Police launched a massive manhunt Tuesday for the killer of Paul R. McLaughlin, a veteran state prosecutor who specialized in gang cases, who was shot to death execution-style Monday night.
Two shots were fired point-blank into the temple of the 42-year-old assistant attorney general as he sat in his car in a commuter train parking lot. Police said that nothing had been taken from McLaughlin's Toyota Tercel.
Officials nonetheless balked at characterizing his death as a gang murder. "At this point we can't rule anything in and we can't rule anything out," said Ralph G. Martin II, the district attorney of Middlesex County and a longtime friend of McLaughlin's.
But one police source, insisting on anonymity, said investigators were examining the possibility that a 14- to 15-year-old male seen fleeing the murder scene might have been "a paid hit-man brought in from the [Caribbean] islands." The police source said such a modus operandi is "not unusual" in gang murders.
McLaughlin, described by state Atty. Gen. Scott Harshbarger as a "quiet, unassuming and unsung hero who largely did this thankless job in anonymity," was head of a special state task force targeting gang members.
A dedicated criminal lawyer, McLaughlin had a 95% conviction record in the 134 cases he prosecuted. Martin said investigators were carefully studying McLaughlin's files in hopes of turning up new evidence.
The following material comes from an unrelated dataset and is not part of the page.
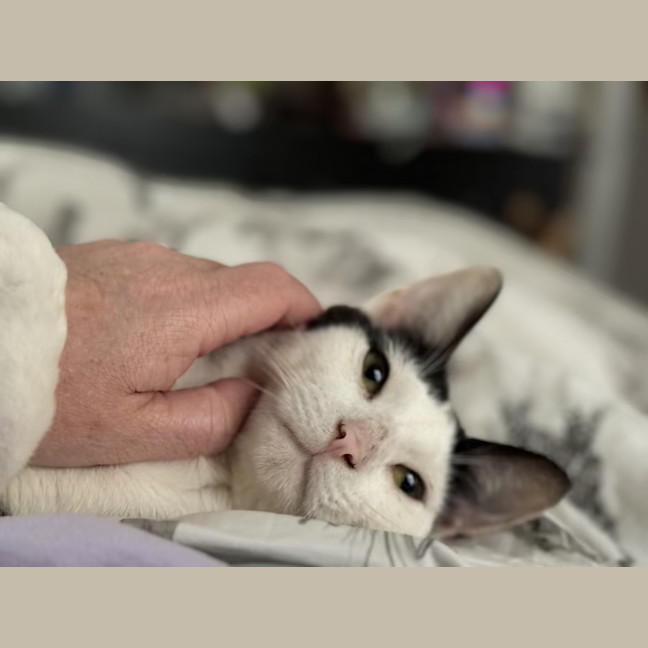 Photo of Gizmo   1 Year Old Domestic Short Hair (On Trial)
A police superintendent, James Claiborne, said vengeance was one possible motive for the killing but added: "It doesn't usually happen to DA's. It doesn't make sense."
Moments after the shooting, just after 7 p.m. Monday, police and canine units chased a lone suspect down the commuter train tracks in the predominantly white middle- and working-class neighborhood of West Roxbury. McLaughlin was raised in the neighborhood and remained a popular and familiar figure there, coaching a Little League baseball team.
At least two witnesses described the alleged assailant as a slender African American male, 14 or 15 years old, 5 feet 6 inches tall, and wearing baggy jeans and a hooded sweat-shirt.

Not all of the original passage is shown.